**REQUIREMENT:** Your answer should be only the lines below from the one with "Nike x Stussy" to the one with "Bathroom 4, RITA Unnan Yoshida, Unnan", repeated exactly, ends included.

**DATA SECTION:**
--- START ---

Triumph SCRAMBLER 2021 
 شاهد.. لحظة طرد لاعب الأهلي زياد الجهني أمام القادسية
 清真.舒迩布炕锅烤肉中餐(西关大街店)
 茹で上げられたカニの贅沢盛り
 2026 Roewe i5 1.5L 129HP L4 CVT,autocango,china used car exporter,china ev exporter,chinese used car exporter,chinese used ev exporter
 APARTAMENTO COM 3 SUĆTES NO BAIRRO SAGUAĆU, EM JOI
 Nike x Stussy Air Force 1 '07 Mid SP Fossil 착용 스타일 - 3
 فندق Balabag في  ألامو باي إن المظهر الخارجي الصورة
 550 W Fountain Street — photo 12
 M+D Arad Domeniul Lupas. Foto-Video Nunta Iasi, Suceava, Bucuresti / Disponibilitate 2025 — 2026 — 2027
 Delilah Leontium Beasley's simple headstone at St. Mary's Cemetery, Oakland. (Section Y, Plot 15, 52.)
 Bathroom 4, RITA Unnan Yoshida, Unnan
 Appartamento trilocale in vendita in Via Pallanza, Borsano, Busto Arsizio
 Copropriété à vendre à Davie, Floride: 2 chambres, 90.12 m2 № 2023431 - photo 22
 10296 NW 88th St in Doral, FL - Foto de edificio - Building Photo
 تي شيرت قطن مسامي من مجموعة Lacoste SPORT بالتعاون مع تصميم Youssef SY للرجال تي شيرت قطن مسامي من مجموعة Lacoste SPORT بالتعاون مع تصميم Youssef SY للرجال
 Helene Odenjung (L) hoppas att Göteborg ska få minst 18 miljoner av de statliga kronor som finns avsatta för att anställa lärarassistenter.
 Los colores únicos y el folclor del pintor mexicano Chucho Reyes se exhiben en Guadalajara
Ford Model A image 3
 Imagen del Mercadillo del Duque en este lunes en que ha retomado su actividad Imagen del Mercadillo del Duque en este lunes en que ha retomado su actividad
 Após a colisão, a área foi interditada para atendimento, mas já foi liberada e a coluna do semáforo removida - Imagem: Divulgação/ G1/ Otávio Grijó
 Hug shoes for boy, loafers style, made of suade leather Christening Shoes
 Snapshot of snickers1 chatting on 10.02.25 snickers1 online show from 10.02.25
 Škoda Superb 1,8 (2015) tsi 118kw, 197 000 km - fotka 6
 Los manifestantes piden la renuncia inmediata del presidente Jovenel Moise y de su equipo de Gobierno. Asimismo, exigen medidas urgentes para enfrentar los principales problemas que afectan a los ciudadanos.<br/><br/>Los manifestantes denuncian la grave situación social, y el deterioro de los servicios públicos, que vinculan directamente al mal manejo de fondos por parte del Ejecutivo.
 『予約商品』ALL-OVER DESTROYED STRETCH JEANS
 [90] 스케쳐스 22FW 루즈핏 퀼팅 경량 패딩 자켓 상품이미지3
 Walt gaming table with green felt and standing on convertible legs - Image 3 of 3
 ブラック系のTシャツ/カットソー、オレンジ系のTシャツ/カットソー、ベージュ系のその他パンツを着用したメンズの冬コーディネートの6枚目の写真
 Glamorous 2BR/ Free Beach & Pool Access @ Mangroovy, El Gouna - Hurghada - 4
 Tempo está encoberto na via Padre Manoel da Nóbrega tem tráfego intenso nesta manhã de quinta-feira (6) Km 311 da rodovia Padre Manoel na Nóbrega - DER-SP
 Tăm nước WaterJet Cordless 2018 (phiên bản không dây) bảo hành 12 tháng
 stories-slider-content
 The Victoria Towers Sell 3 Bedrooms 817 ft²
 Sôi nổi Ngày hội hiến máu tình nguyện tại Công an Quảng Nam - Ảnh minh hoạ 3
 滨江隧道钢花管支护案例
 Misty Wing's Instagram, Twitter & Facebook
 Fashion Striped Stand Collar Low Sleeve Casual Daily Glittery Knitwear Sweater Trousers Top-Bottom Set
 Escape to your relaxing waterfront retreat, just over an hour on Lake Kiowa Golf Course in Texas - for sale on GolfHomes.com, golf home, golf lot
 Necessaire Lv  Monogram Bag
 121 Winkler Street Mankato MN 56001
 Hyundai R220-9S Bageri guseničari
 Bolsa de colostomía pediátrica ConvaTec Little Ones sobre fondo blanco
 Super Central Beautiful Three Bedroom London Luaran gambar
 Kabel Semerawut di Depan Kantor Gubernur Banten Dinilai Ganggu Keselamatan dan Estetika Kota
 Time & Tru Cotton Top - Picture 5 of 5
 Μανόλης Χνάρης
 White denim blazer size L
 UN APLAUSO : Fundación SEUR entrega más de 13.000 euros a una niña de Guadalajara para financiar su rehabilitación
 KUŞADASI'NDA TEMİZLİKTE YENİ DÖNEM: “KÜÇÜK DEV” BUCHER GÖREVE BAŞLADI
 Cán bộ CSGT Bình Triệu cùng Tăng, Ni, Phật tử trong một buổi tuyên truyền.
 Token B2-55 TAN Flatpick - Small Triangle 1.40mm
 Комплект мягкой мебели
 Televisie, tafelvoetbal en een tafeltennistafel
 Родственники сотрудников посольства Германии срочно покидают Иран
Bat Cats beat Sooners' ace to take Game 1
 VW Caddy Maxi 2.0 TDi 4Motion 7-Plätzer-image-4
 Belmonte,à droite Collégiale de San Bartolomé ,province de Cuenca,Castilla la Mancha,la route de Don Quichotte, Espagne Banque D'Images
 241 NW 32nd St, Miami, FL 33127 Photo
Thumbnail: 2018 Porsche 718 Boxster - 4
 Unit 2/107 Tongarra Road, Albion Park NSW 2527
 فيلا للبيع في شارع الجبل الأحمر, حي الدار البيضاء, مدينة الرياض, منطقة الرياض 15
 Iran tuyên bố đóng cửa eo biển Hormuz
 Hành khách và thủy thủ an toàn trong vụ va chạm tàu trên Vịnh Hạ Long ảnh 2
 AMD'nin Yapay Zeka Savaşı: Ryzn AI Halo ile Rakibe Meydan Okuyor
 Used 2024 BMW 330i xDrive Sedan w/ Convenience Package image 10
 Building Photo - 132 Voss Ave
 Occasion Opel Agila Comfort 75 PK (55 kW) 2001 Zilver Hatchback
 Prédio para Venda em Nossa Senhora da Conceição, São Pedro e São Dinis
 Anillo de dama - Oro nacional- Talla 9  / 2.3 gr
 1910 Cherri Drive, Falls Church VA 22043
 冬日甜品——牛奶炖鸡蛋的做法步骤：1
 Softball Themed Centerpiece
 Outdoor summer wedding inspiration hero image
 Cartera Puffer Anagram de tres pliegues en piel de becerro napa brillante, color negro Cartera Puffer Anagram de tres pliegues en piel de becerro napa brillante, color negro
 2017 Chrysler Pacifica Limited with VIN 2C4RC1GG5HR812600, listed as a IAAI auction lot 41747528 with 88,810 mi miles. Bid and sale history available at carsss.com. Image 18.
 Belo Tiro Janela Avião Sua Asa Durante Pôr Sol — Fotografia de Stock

--- END ---

**EXERCISE RESPONSE:**
 Nike x Stussy Air Force 1 '07 Mid SP Fossil 착용 스타일 - 3
 فندق Balabag في  ألامو باي إن المظهر الخارجي الصورة
 550 W Fountain Street — photo 12
 M+D Arad Domeniul Lupas. Foto-Video Nunta Iasi, Suceava, Bucuresti / Disponibilitate 2025 — 2026 — 2027
 Delilah Leontium Beasley's simple headstone at St. Mary's Cemetery, Oakland. (Section Y, Plot 15, 52.)
 Bathroom 4, RITA Unnan Yoshida, Unnan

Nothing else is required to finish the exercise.